All of these factors shape the social situation of Irish citizens. In 2022, approximately one in five individuals were at risk of poverty and social exclusion in Ireland and on average across the EU (20.7% and 21.6%, respectively) (Eurostat, 2023[24]). In Ireland, the rate has been decreasing, dropping from 25.4% in 2015 to 20.7% in 2022 (ibid.). Similarly, the share of children aged 0‑16 at risk of poverty and social exclusion has decreased from 28.7% to 22.9% (ibid.). The risk of poverty and social exclusion is not dependent just on a household's level of income (Eurostat, 2023[25]). It also reflects joblessness, low work intensity, working status and other socio‑economic characteristics (ibid.). Overall, women, people with a low level of educational attainment and unemployed persons were more likely to be at risk of poverty or social exclusion (ibid.). The OECD Education for Inclusive Societies project considers the ways through which education is related to broader societal outcomes (see Annex A).

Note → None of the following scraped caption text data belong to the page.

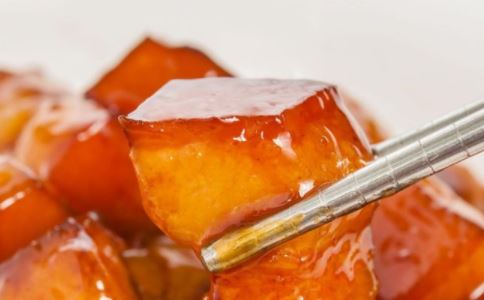 �������� ǧ����������ʳ��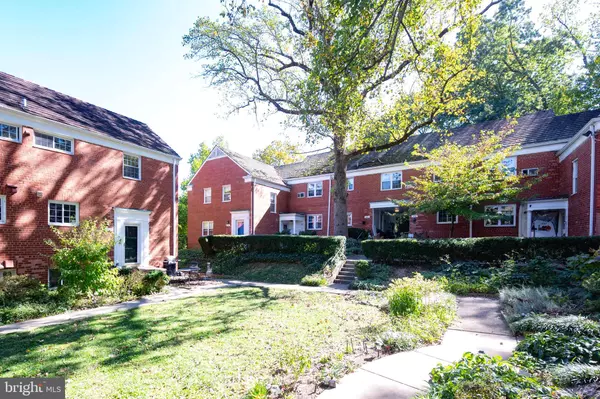 Alexandria, VA 22302,1650 PRESTON RD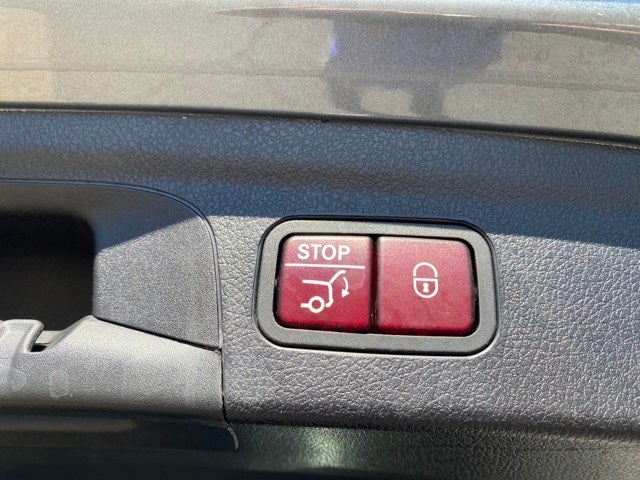 2023 Mercedes-Benz GLE GLE 350 4MATIC®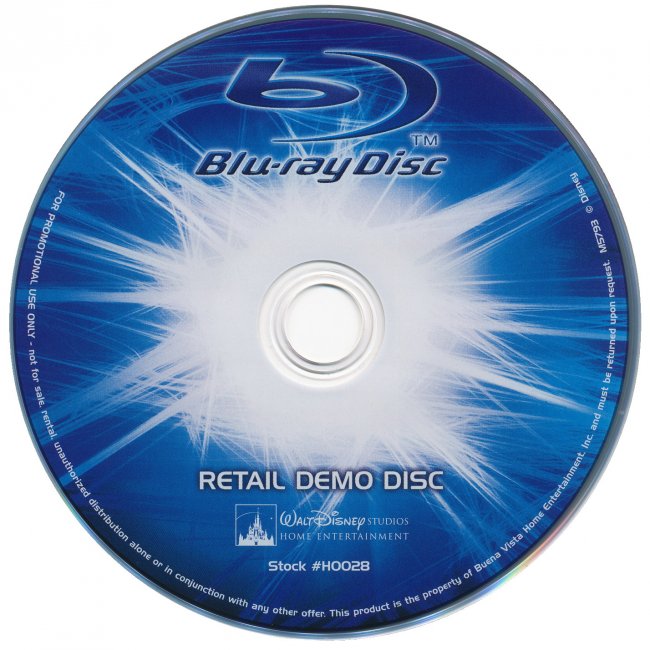 As dez melhores cenas de cinema de todos os tempos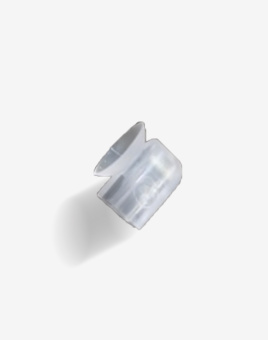 f12edb35570d391293077d16ec79b2d8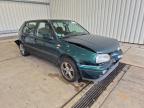 Volkswagen Golf 1997  III Lim. Joker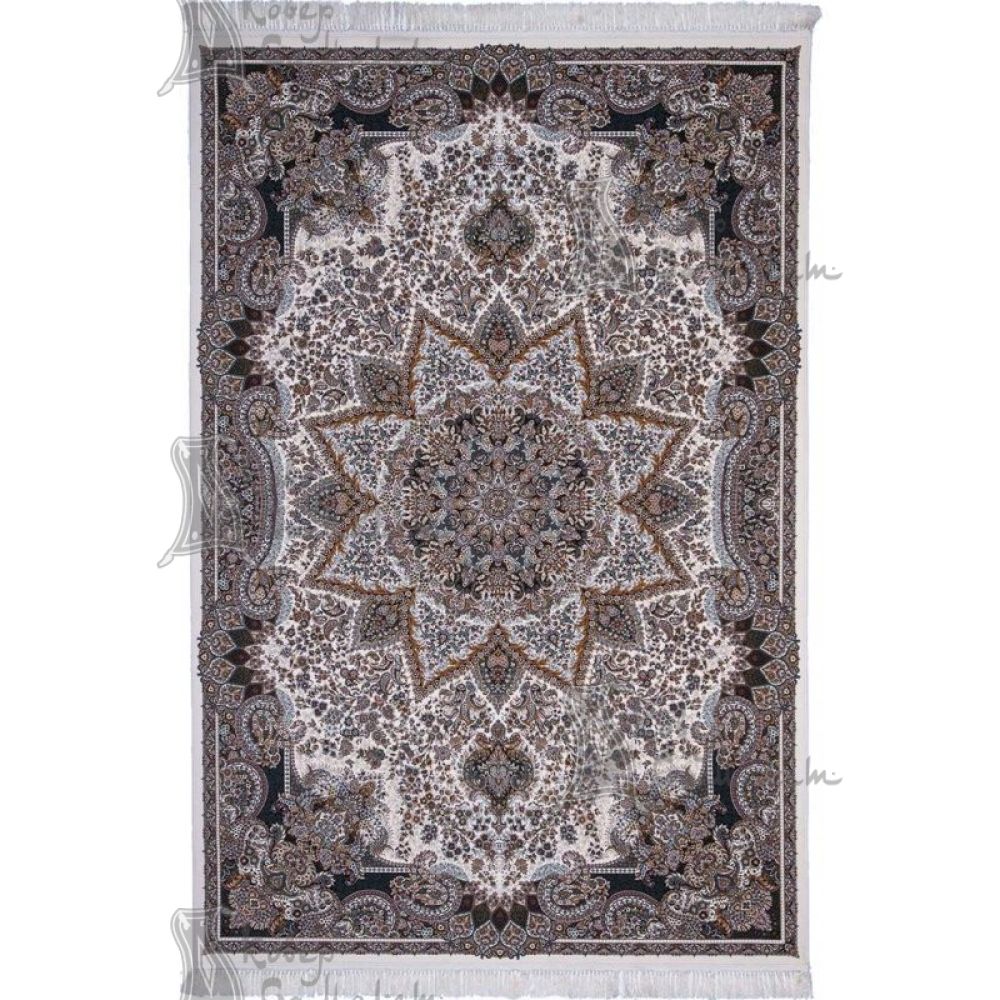 TABRIZ 60-C Східні килими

The Delivering Equality of Opportunity In Schools (DEIS) programme is a DoE intervention to combat educational disadvantage and to promote social inclusion in education (Department of Education, 2017[26]). Initiated in 2005, it focuses on schools with a high concentration of students facing socio‑economic challenges. Depending on the level of disadvantage and location of the school (urban/rural), the DEIS programme provides additional resources, such as smaller classes, access to the Home School Community Liaison (HSCL) Scheme, the School Meals and the School Completion Programmes, a range of literacy and numeracy supports, and access to continuing professional learning (not all listed resources are available to all DEIS schools, see the DEIS programme section for more information). Emphasising early intervention, the DEIS programme seeks to address educational disadvantage with a commitment to fostering parental involvement for a supportive learning environment. The following sections describe the structure of the education system and the DEIS programme in greater detail.

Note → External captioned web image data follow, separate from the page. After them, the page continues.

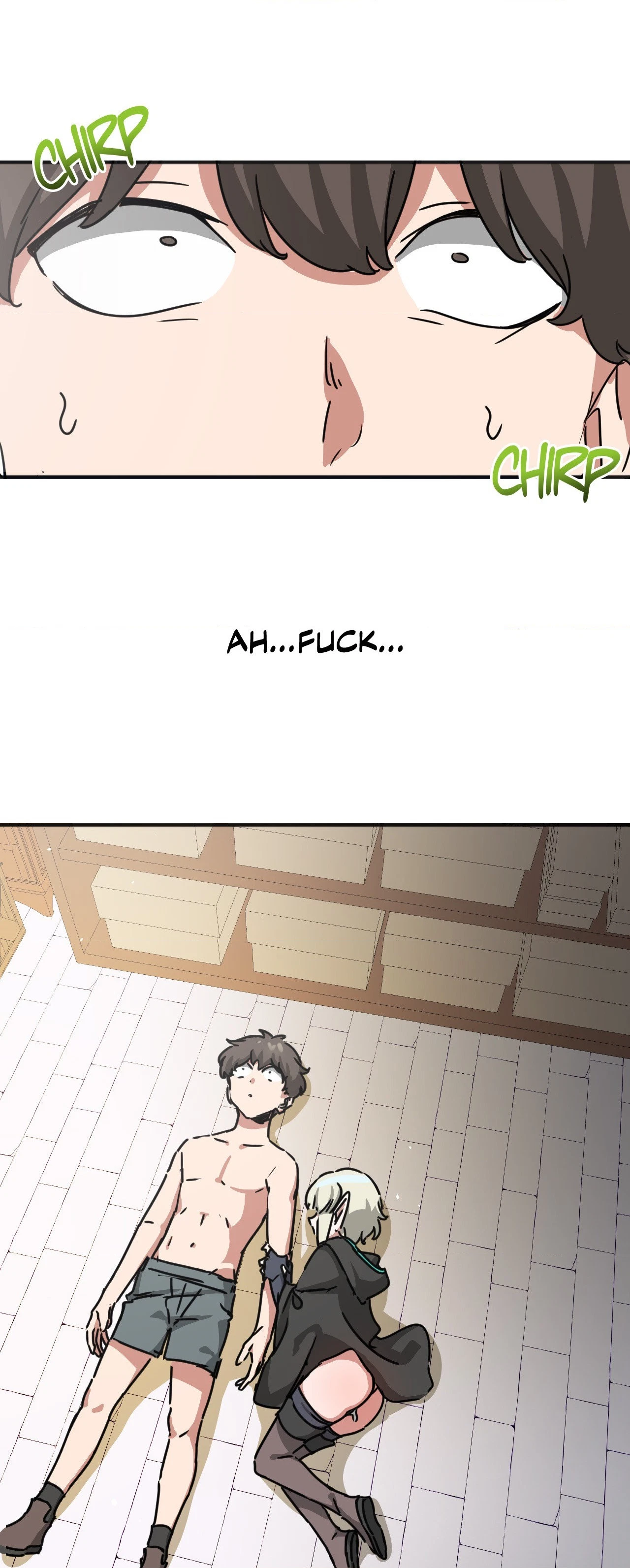 Chapter 24, page 32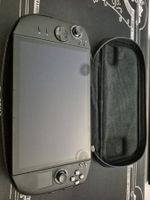 Lenovo Legion Go Gen 2 8AHP2 (Z2)/ 32 Gb/ 1Tb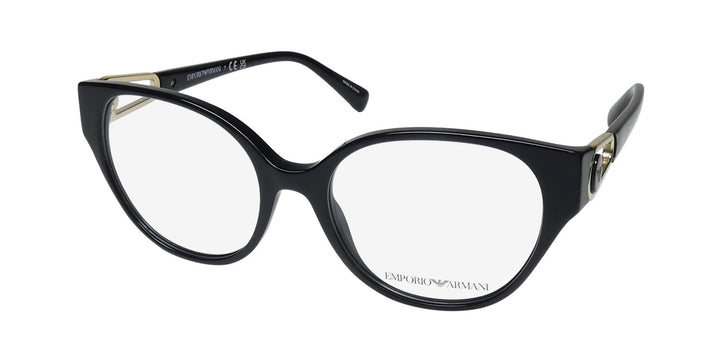 Emporio Armani 3211 Eyeglasses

Structure of the education system
Ireland has a centralised education system with schools and the central government being responsible for almost all educational decisions, and with only a very limited regional layer of educational administration (OECD, 2020[2]). This type of structure can impact the level of school autonomy. In 2022, Irish principals of 15‑year-old students perceived a lower level of school autonomy compared to the average across OECD countries (OECD, 2023[27]). Irish principals also perceived lower levels of school responsibility for resources (ibid.). In contrast, principals reported comparable levels of school responsibility for curriculum (ibid.).

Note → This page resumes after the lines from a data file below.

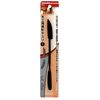Ichinen Access 11672 Strong Tool No. 1 Metal Shape File for Carpentry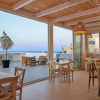 Отель Sea Breeze Hotel, фото 7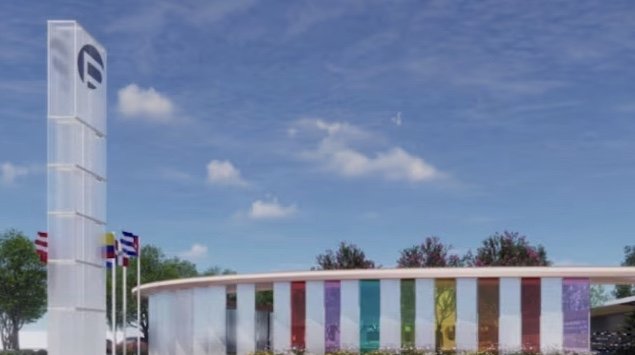 Image 3-11-26 at 4.59 PM.jpeg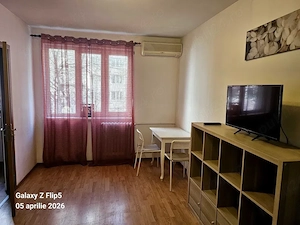 garsoniera titan-metrou 3 minute - imagine 5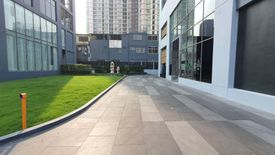 Ramada Plaza By Wyndham Bangkok Sukhumvit 48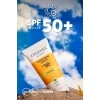 50 ml Yaşlanma Karşıtı Güneş Kre, 50+ SPF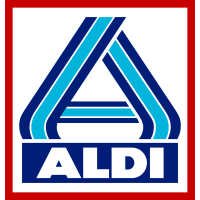 ALDI Nord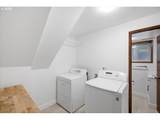 3850 Elmwood Dr - Photo 28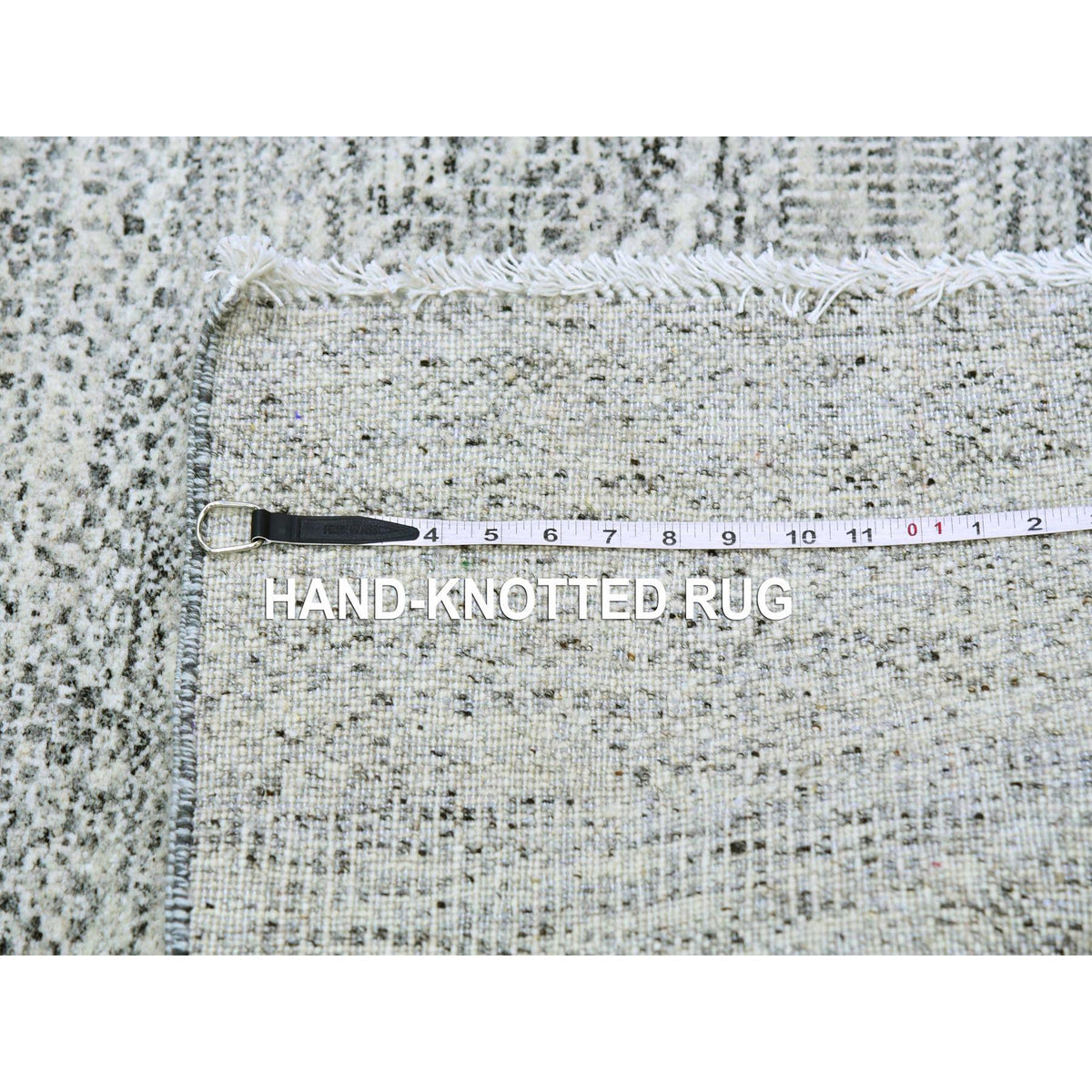 R79530%20008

The centralised nature of the education system also has implications for educational funding, which flows from the central government directly to schools (OECD, 2023[3]). Teachers, special needs assistants, and primary and secondary school secretaries, as well as their pensions, are paid either directly by the DoE, or by the relevant regional Education and Training Boards (Chapter 2) with funding received from the DoE (Department of Education, 2023[28]; OECD, 2020[2]). Most publicly funded schools also receive direct payments to cover the salaries of administrative and caretaker staff and grants to cover day-to-day running costs (e.g. heating, cleaning and maintenance). Funding is provided to schools at a level determined by the DoE to be sufficient to fund schools’ everyday costs, with enhanced payments provided in recent years to offset increased costs, such as energy prices.
Private organisations play a significant role in educational provision in Ireland: state-funded schools are owned and managed by private organisations (mainly church authorities and religious organisations at the primary level, with greater diversity at the secondary level), although the diversity of school ownership at primary level is slowly increasing (OECD, 2020[2]). Additionally, while most children in Ireland attend state‑funded schools, some are educated in alternative educational provisions: at home or in non‑recognised schools (independent (private) schools).
In regard to school governance structure, all schools have a patron. The patron is the body that establishes and operates the school, and is responsible for the school’s characteristic spirit and ethos (e.g. Catholic, Church of Ireland, Multi/Inter Denominational) (Department of Education, 2024[1]). The patron does not have a direct role in the day-to-day management which is, in most schools, a matter for the board of management, appointed by the patron. Indeed, while the DoE sanctions teaching posts and pays teacher salaries, the board of management is the employer of teachers, and is responsible for their recruitment and dismissal. The board of management also must have regard to the efficient use of resources and accountability to students, their parents, the patron, staff and the community served by the school. The principal is responsible for the management of the school, including providing guidance and direction to the teachers and other staff (ibid.). More information on school management structure is provided in Chapter 2.
Early childhood education and care
The Department of Children, Equality, Disability, Integration and Youth (DCEDIY) is mainly responsible for ECEC. The Early Childhood Care and Education (ECCE) universal non‑compulsory programme provides children with their first formal experience of early learning before commencing primary school (Department of Education, 2024[1]). It lasts two years, is available to all children within the eligible age range1, and is free of charge for three hours per day, five days per week over 38 weeks per year from September to June each year. The ECCE programme is delivered by a range of private, community and voluntary entities (e.g. crèches, nurseries, pre-schools, naíonraí (Irish language preschools), playgroups and day‑care services), and the provision of education is inspected by the Inspectorate (ibid.). In 2021, enrolment rates were above the OECD and EU25 averages for 3 to 5 year‑olds (Table 1.1).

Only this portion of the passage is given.